Work order
Go line by line through the data and copy those with the word "Cushion".
++++++++++++++++++++
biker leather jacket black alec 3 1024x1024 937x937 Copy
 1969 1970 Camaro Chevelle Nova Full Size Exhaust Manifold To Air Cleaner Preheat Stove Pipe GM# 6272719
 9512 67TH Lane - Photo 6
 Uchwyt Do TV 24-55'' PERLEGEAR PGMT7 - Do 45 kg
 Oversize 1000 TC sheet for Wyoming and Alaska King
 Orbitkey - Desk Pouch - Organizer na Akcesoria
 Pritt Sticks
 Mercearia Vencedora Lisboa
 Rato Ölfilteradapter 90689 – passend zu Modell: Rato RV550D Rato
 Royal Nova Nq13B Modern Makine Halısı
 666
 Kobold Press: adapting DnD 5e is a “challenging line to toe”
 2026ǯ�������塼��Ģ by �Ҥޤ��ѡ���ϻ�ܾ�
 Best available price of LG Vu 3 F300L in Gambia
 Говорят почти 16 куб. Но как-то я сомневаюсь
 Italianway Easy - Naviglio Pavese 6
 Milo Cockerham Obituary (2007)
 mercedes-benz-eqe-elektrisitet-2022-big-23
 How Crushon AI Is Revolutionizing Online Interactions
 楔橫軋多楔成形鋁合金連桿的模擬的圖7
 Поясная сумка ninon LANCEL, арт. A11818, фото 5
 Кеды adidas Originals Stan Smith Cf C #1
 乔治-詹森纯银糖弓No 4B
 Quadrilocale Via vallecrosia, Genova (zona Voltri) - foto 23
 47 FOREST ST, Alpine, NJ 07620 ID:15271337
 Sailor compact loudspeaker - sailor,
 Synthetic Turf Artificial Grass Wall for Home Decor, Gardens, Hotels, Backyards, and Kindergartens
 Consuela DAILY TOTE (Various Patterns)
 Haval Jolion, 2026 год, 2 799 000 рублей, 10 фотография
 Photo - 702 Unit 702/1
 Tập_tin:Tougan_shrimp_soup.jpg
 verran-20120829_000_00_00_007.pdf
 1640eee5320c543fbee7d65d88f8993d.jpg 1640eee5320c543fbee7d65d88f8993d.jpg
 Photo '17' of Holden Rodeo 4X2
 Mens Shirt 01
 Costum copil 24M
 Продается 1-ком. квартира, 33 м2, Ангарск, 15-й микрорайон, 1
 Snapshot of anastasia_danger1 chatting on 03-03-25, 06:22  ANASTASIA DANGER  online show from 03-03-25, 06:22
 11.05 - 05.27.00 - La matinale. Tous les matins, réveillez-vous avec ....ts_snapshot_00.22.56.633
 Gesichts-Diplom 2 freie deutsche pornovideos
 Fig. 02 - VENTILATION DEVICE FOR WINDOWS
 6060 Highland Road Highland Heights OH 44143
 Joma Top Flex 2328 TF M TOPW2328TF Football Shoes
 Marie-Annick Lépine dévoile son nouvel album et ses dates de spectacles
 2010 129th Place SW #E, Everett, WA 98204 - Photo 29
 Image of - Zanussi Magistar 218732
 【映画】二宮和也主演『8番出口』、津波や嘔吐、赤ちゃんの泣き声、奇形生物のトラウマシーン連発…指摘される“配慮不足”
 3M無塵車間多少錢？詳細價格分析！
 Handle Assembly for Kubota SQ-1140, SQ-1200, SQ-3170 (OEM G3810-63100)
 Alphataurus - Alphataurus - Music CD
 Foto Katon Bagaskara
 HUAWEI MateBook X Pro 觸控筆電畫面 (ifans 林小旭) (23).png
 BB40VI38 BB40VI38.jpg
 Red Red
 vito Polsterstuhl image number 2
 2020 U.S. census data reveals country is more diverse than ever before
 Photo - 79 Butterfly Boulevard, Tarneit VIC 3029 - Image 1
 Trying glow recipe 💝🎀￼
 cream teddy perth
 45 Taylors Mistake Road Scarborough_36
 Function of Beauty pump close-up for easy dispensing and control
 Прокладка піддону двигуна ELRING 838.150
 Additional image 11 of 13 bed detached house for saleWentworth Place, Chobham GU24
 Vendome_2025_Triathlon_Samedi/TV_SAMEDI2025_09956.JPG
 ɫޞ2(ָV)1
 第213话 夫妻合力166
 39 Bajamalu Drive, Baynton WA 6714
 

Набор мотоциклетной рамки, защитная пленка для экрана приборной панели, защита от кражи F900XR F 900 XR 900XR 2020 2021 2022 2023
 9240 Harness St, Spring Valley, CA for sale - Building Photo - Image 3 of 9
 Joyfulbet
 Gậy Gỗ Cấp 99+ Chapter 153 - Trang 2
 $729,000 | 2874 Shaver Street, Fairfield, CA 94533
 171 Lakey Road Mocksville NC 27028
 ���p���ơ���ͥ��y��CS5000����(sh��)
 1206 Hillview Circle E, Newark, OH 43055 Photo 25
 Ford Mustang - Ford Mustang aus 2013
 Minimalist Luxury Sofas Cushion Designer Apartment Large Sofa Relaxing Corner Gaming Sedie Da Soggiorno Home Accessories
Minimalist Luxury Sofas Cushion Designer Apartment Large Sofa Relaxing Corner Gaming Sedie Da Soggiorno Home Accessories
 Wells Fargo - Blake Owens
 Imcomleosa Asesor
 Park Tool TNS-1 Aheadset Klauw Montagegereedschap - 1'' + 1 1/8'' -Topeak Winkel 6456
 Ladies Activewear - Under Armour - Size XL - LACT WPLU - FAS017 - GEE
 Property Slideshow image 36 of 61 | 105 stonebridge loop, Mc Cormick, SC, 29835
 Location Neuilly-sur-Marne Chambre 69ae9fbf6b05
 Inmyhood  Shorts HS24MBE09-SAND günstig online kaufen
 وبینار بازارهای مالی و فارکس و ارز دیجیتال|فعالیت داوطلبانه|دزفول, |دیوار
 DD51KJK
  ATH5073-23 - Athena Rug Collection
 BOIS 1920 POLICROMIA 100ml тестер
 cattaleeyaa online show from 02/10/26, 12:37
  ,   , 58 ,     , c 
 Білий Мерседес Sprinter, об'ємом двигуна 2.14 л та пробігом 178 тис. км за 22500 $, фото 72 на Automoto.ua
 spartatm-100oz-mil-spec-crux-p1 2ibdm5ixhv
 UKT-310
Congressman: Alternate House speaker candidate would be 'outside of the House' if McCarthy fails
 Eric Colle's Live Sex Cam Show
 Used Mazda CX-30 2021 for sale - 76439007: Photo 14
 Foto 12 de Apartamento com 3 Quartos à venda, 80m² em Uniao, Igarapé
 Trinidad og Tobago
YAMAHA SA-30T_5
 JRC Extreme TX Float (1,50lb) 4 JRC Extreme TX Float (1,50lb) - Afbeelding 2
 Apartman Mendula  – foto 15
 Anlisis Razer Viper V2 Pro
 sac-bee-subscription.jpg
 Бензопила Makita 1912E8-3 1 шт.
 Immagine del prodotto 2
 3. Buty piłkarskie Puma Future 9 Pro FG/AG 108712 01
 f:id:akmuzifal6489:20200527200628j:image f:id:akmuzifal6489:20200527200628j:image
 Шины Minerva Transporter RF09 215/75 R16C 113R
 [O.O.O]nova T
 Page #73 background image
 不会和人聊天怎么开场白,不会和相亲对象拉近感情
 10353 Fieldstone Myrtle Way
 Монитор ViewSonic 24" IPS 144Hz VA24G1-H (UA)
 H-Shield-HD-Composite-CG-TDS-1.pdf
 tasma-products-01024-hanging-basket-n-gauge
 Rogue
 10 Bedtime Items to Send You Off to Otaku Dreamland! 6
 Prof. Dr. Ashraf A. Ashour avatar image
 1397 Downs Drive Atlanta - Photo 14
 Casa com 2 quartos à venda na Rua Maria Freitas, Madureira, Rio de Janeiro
++++++++++++++++++++
Answer to this problem
 Minimalist Luxury Sofas Cushion Designer Apartment Large Sofa Relaxing Corner Gaming Sedie Da Soggiorno Home Accessories
Minimalist Luxury Sofas Cushion Designer Apartment Large Sofa Relaxing Corner Gaming Sedie Da Soggiorno Home Accessories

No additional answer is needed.